━━━ Material for this exercise
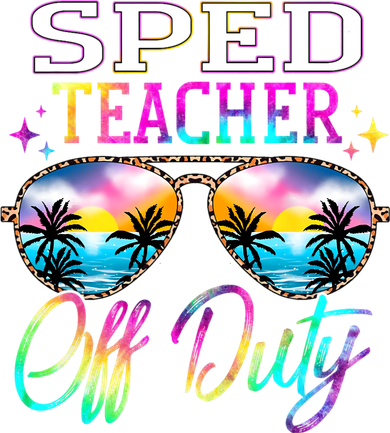 SPED Teacher Off Duty Last Day Of School Teacher Summer Kids T-Shirt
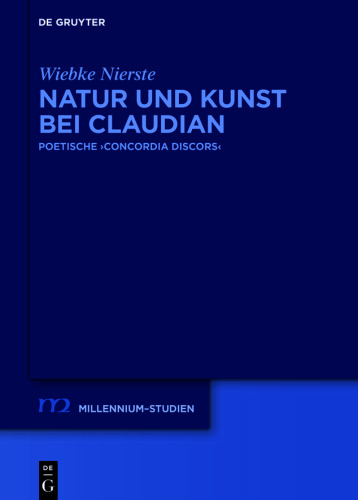 Natur und Kunst bei Claudian: Poetische ›concordia discors‹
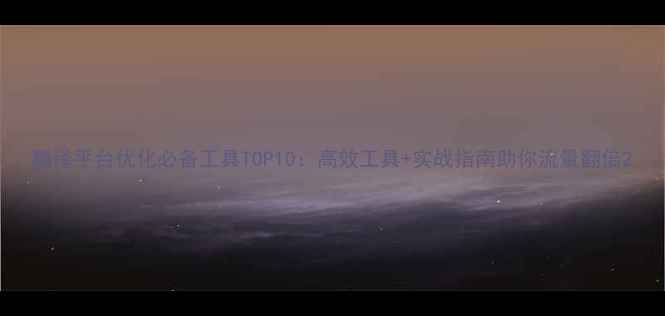 图片 翻译平台优化必备工具TOP10：高效工具+实战指南助你流量翻倍2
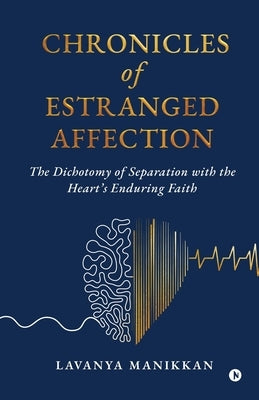 Chronicles of Estranged Affection: The Dichotomy of Separation with the Heart's Enduring Faith by Lavanya Manikkan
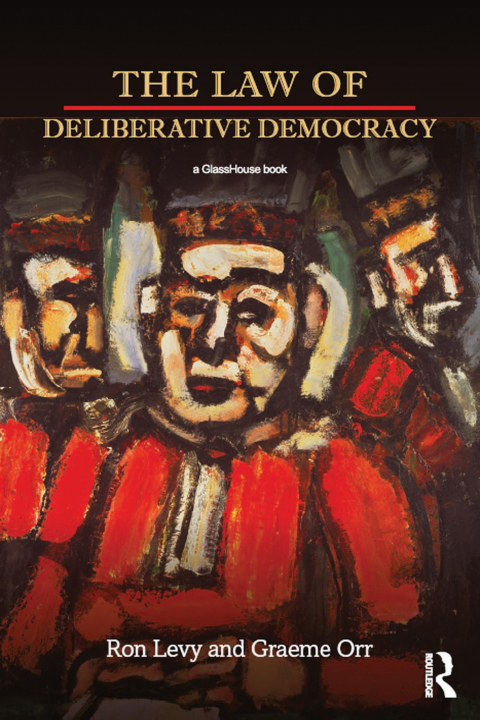 Cover image for book The Law of Deliberative Democracy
━━━━━━
** Task to carry out **
From the first line to the last, copy the records above exactly and leave out the pictures.

** Exercise response **
 SPED Teacher Off Duty Last Day Of School Teacher Summer Kids T-Shirt
 Natur und Kunst bei Claudian: Poetische ›concordia discors‹
 图片 翻译平台优化必备工具TOP10：高效工具+实战指南助你流量翻倍2
 Chronicles of Estranged Affection: The Dichotomy of Separation with the Heart's Enduring Faith by Lavanya Manikkan
 Cover image for book The Law of Deliberative Democracy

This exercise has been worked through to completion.